__Aim of the task__: Every entry below has to appear again in your reply, word for word, but no picture may.

__Extracted information__:
------------------------
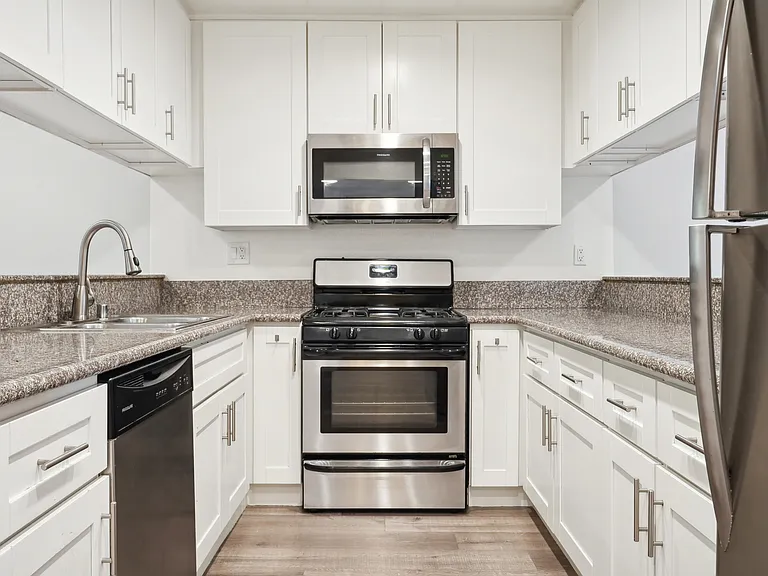 5662 La Mirada Ave. — Photo 19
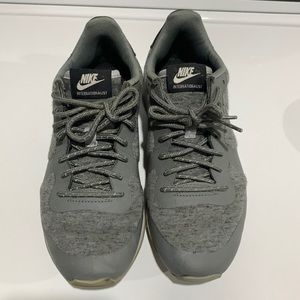Nike- Internationalist Grey Sneaker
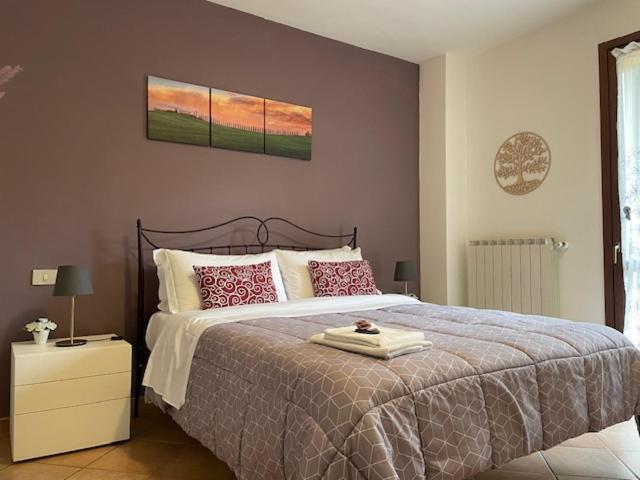 One-Bedroom Apartment - Photo 6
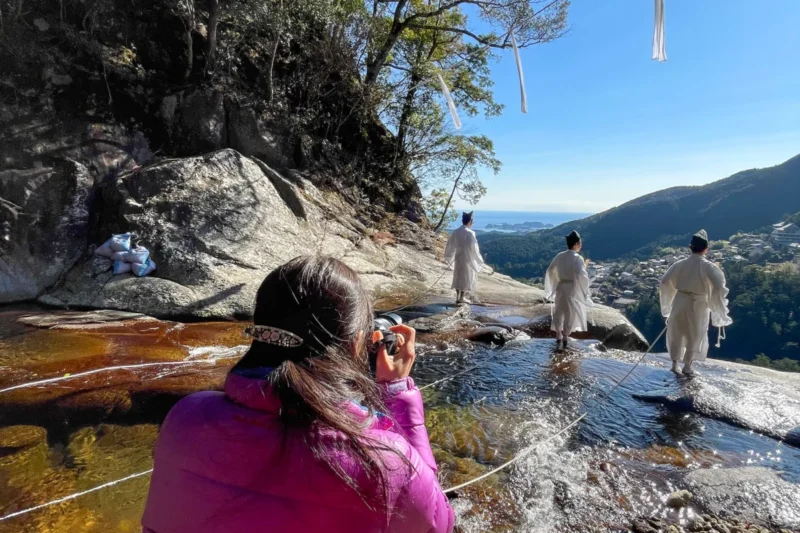 Eight Million Ways to Happiness: Wisdom for Inspiration and Healing from the Heart of Japan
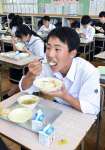 台湾で食べられている給食を味わう生徒たち＝出水市の出水中学校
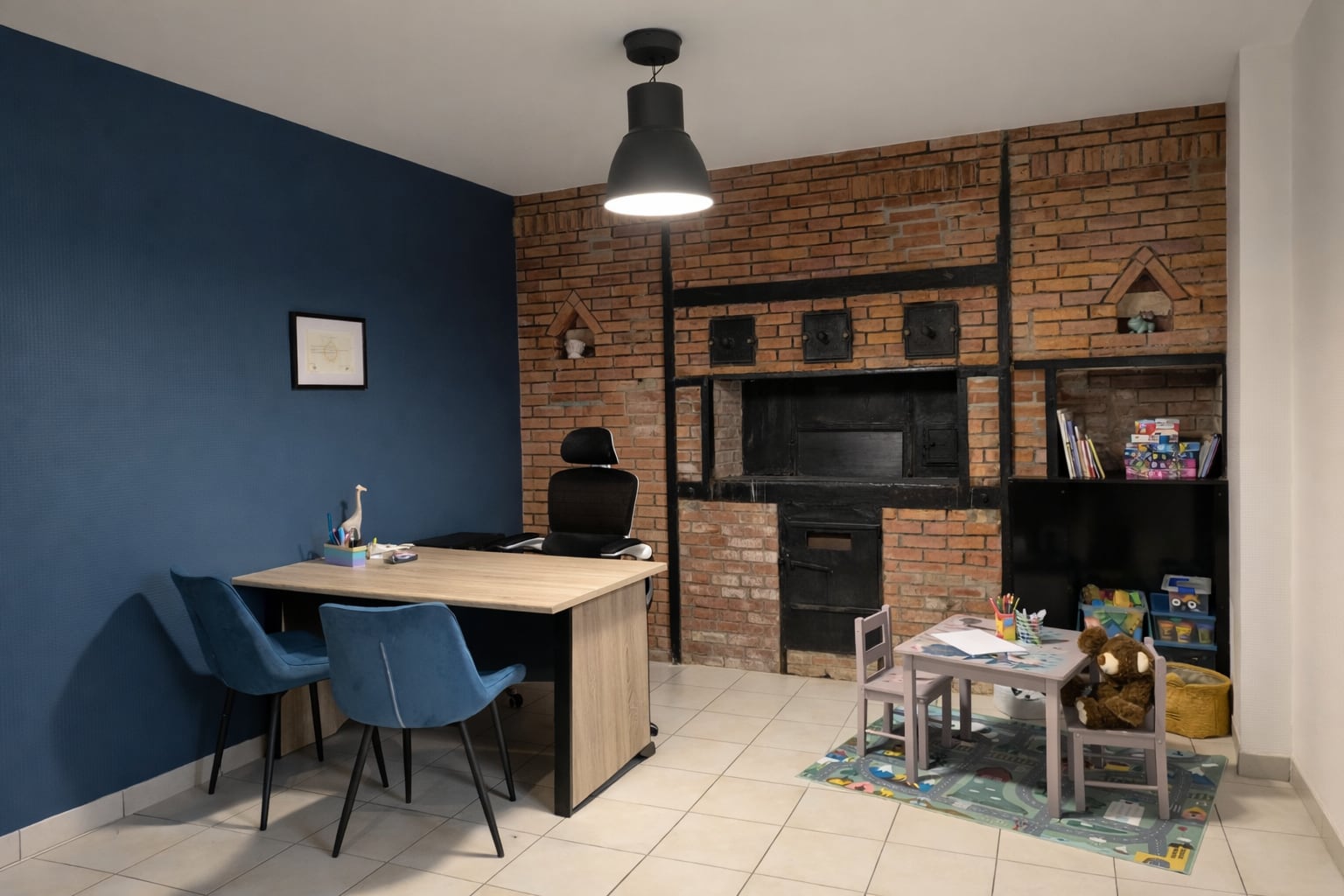 Bureau de consultation du psychologue Gaël Gimgembre — Saint-Sornin (17), espace bois et coin enfant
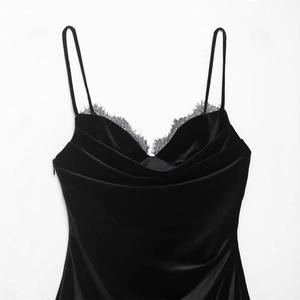 Damenkleid aus schwarzem Samt mit asymmetrischer Spitze und plissiertem V-Ausschnitt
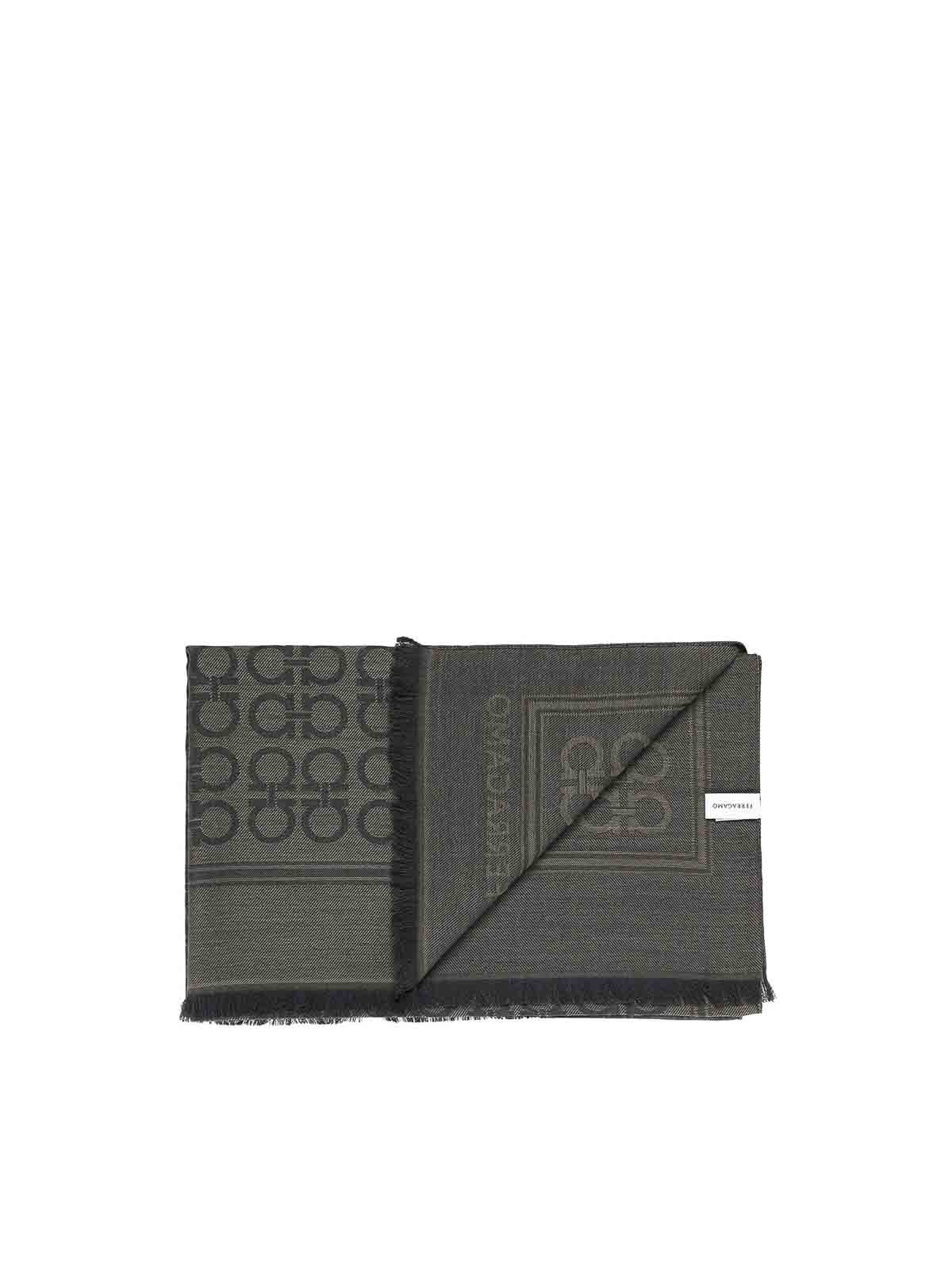 Gancini Square Stole 520144785250004 (FERRAGAMO / スカーフ・マフラー ) | FERRAGAMO (フェラガモ)(2)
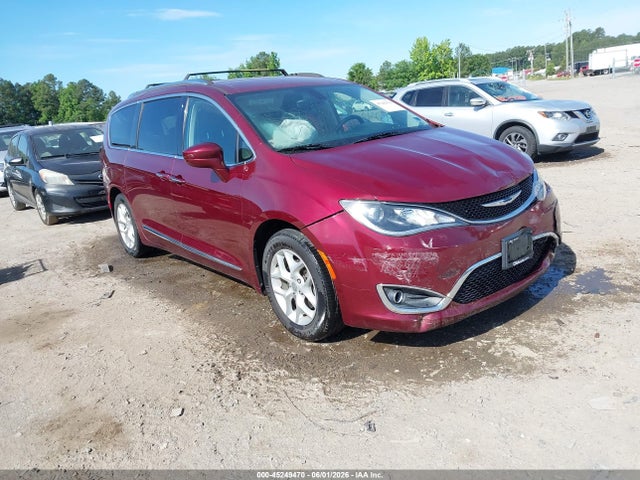 2018 2C4RC1BG1JR130293 main image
------------------------
__Answer space__:
 5662 La Mirada Ave. — Photo 19
Nike- Internationalist Grey Sneaker
 One-Bedroom Apartment - Photo 6
 Eight Million Ways to Happiness: Wisdom for Inspiration and Healing from the Heart of Japan
 台湾で食べられている給食を味わう生徒たち＝出水市の出水中学校
 Bureau de consultation du psychologue Gaël Gimgembre — Saint-Sornin (17), espace bois et coin enfant
 Damenkleid aus schwarzem Samt mit asymmetrischer Spitze und plissiertem V-Ausschnitt
 Gancini Square Stole 520144785250004 (FERRAGAMO / スカーフ・マフラー ) | FERRAGAMO (フェラガモ)(2)
 2018 2C4RC1BG1JR130293 main image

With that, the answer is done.